Okay, so I thought, like most of my compatriots here at MovieChopShop, that Twilight was stupid. Every now and again you run across something that is so pop culturally pervasive that you are almost required to see it in order to avoid being frustratingly out of the loop. After seeing the film, I’m glad that I’m in the loop, I just wish the loop weren’t so silly.
But I don’t think I’m alone in seeing the potential in this material. I love a good vampire movie as much as the next guy, but more when they actually try to explore the complexity of being one–like in Interview with the Vampire. And every now and again, it’s just cool to see John Carpenter put a badass, eighties action movie spin on the horror genre like he did with Vampires. The fact that Twilight is framed like a Dawson’s Creek romance kind of begs to be mocked, but it is one of the pop cultural phenomena of the moment, so we have to resign ourselves to its existence and that most of us will probably see next movies in the series out of a sense of obligation. I know I will. Robert Pattinson is, after all, ten million different kinds of dreamy.

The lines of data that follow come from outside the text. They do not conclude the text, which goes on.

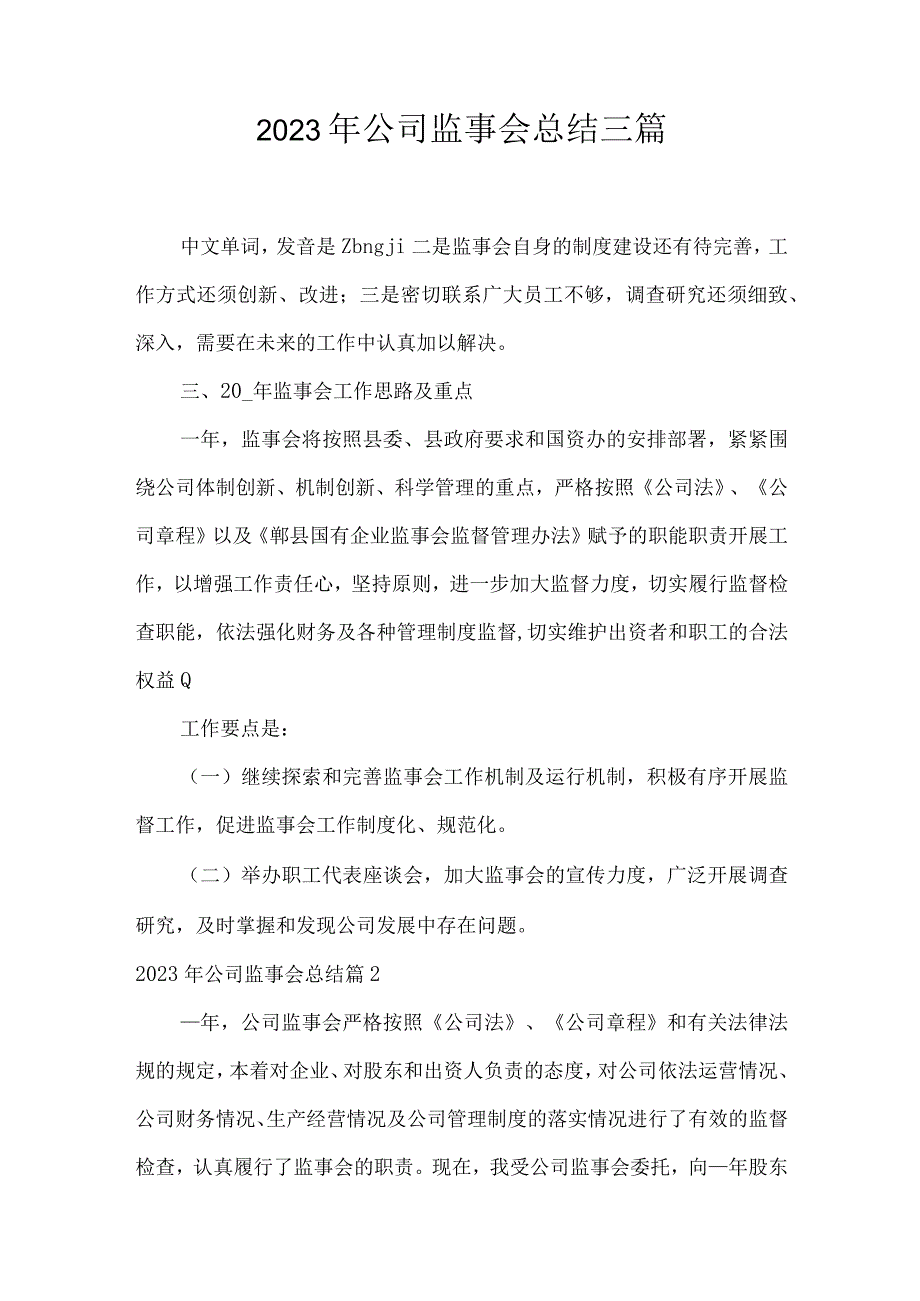 2023年公司监事会总结三篇.docx_第1页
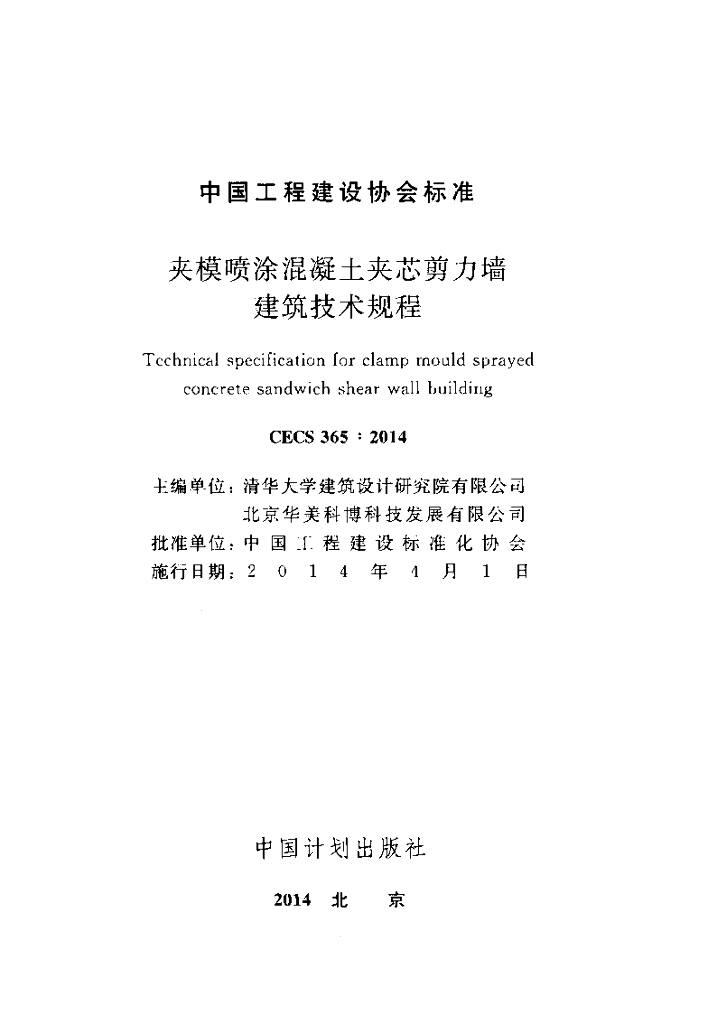 CECS 365-2014 标准预览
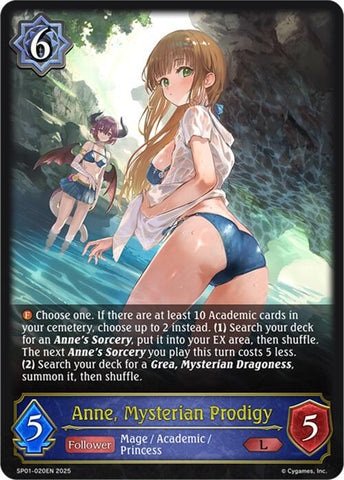 Anne, Mysterian Prodigy (SP01-020EN) [Seaside Memories]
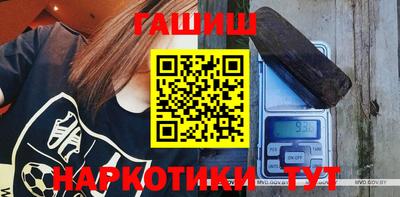 бутик Абинск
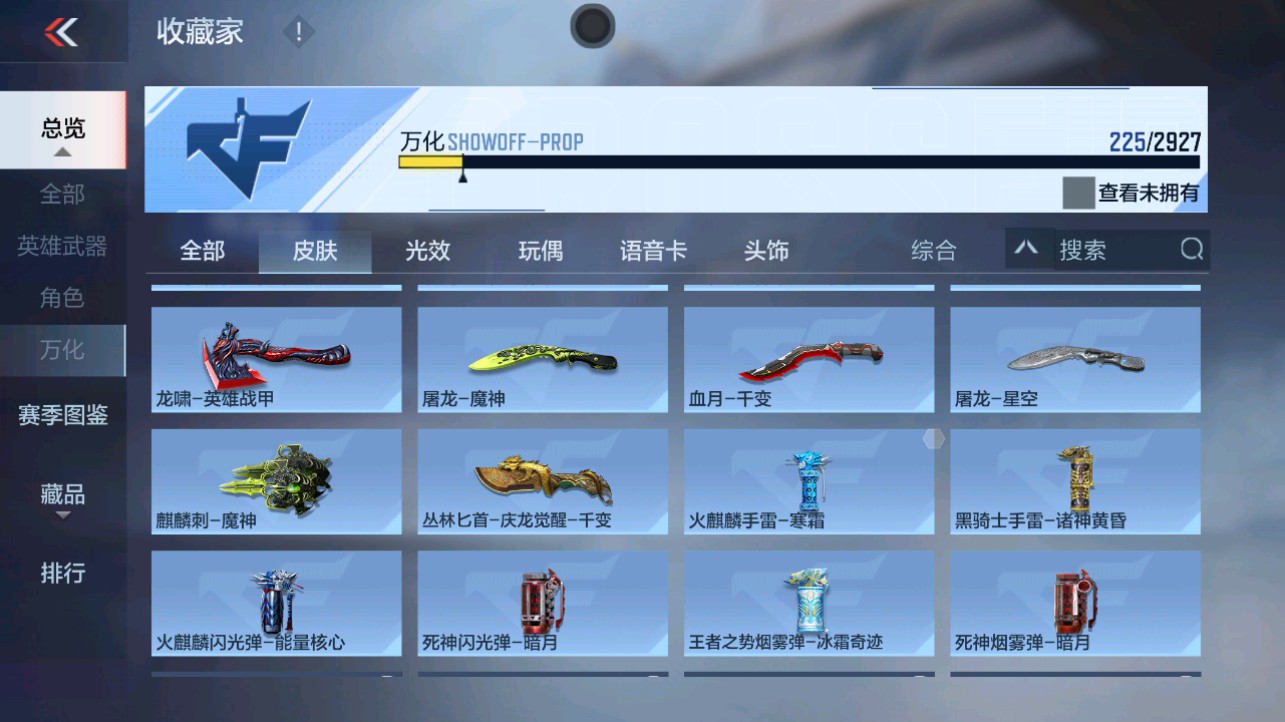 CFMHG338230枪战王者账号详情图27 CFMHG338230枪战王者账号详情图27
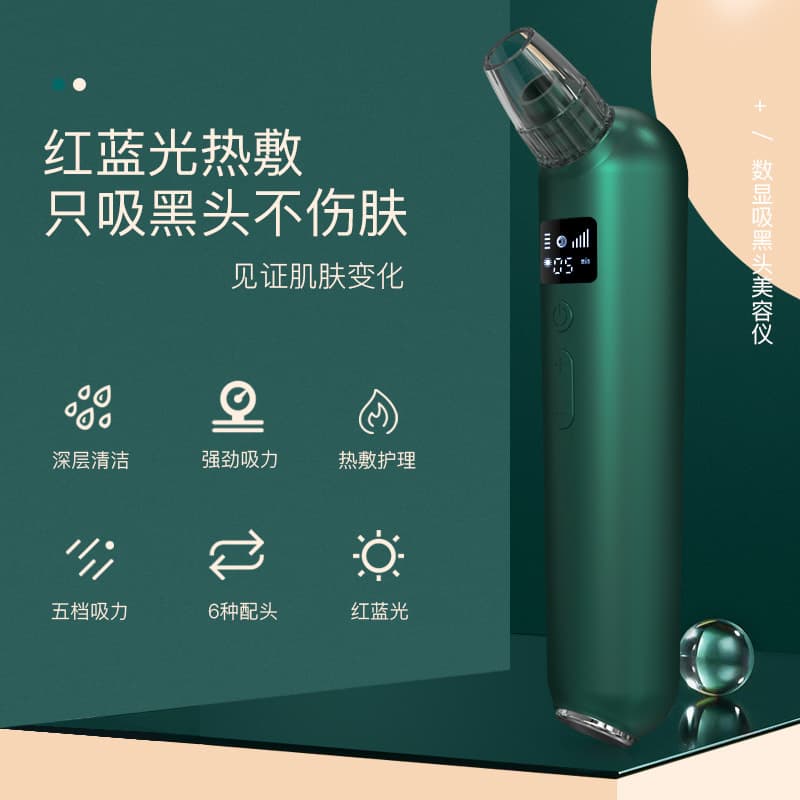 Blackhead suction instrument, beauty instrument, facial acne removal, pore cleaning and exporting instrument, microcrystalline electric blackhead suction tool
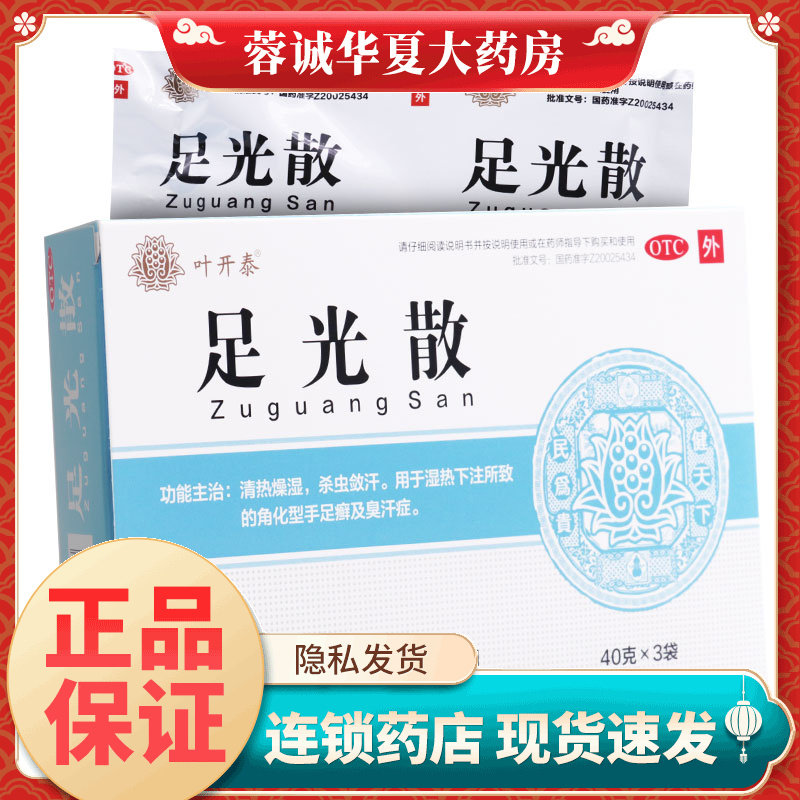 健民 叶开泰 足光散 40g*3袋/盒 角化手癣臭汗症 正品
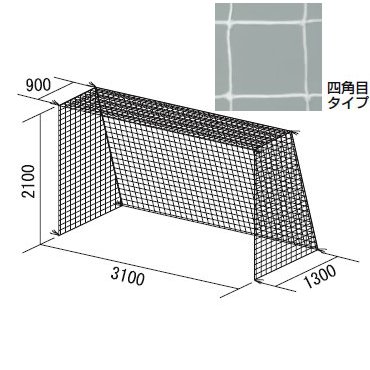 ●フットサル・ハンド寸法:H2100×W3100×D上900×D下1300(mm)BB メーカー品番 B-2562 商品仕様 ●ポリエチレン有結節、440T/36本 ●白 ●網目:10cm角 ●重さ3kg/組 検索キーワード： フットサル ゴール ●この商品は、【お取り寄せ扱い】となります。ご購入可能な状態であっても在庫が確保された商品ではございません。メーカー在庫、欠品等の場合は、 欠品商品のみキャンセルとさせて頂く場合がございます。何卒ご理解の程、宜しくお願い致します。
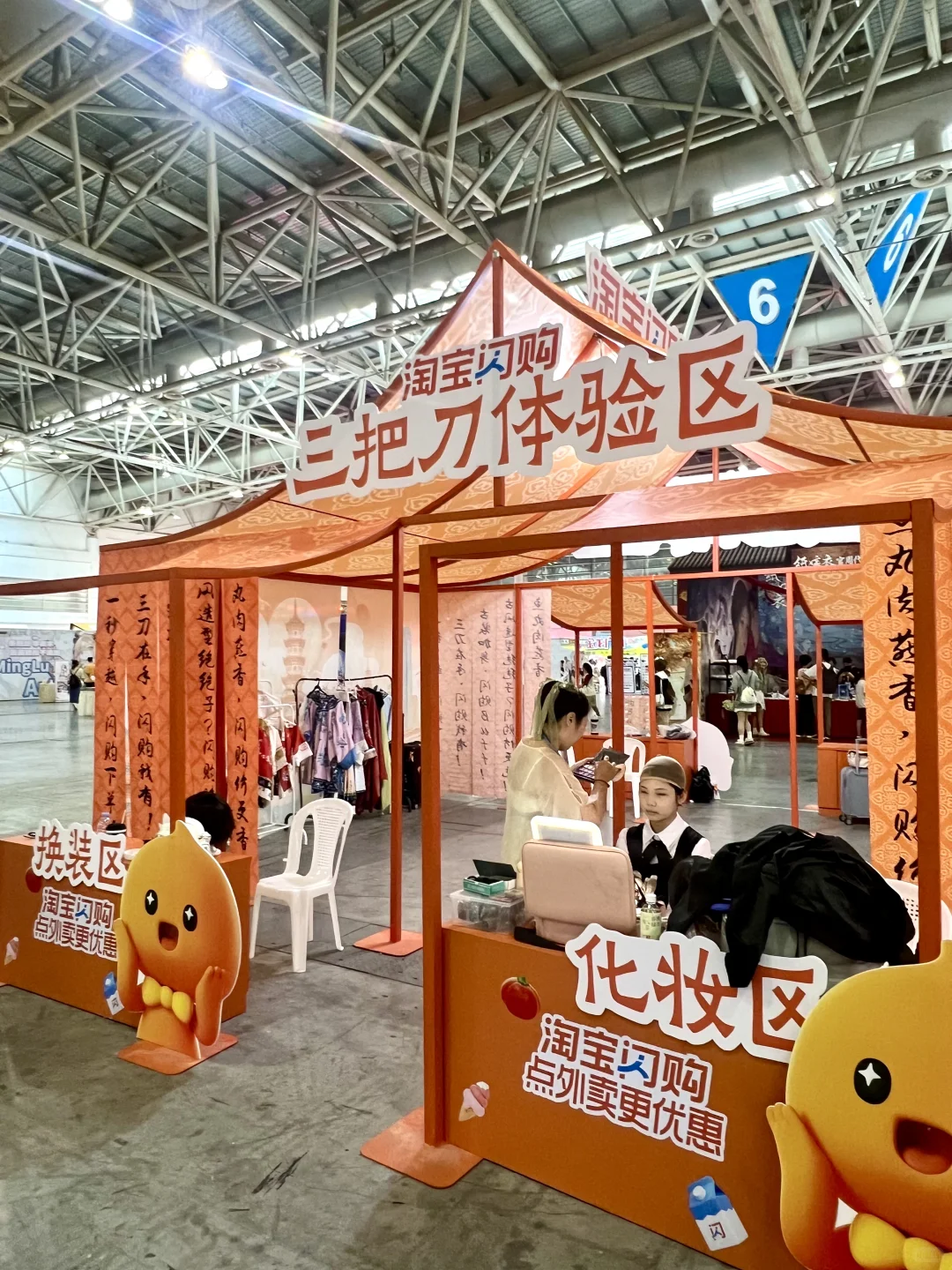 来逛漫展！竟然见到了她！❤️‍🔥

But with the rumor mill grinding away, I think we have reason to feel optimistic about the third film in the series, as it looks like Juan Antonio Bayona, director of the supernatural horror flick The Orphanage (loved by many, unseen by me) could be helming the third one. I for one have been a Catherine Hardwicke fan for a while just on the basis of how cool Lords of Dogtown was (check it out, pretty fun) but she clearly had no idea what to do with the Twilight material. Then again, I’m not really sure what you could do to make that story non-totally silly, but I think a more auteurish approach could yield some interesting results. If the studio is leaning toward Bayona as a choice, they are clearly trying to replicate the success that the Harry Potter series enjoyed after bringing Alfonso Cuaron on to direct the third installment. Albiet, Harry Potter provides much more interesting source material than Twilight, but I’m all for bringing indie-directors in for big studio properties. Maybe Bayona can find something interesting in the series while all Hardwicke could really find were sweaty looking vampires with hair that made them look eight feet tall.
Oh, but one choice that I liked in Hardwicke’s film: the absolutely terrifying Peter Facinelli (known to many of us out there gifted enough to remember such a great performance, as Mike Dexter from Can’t Hardly Wait) played the leader of the vampire coven dude. I really hope he comes back. That casting was a masterstroke. I laughed a lot.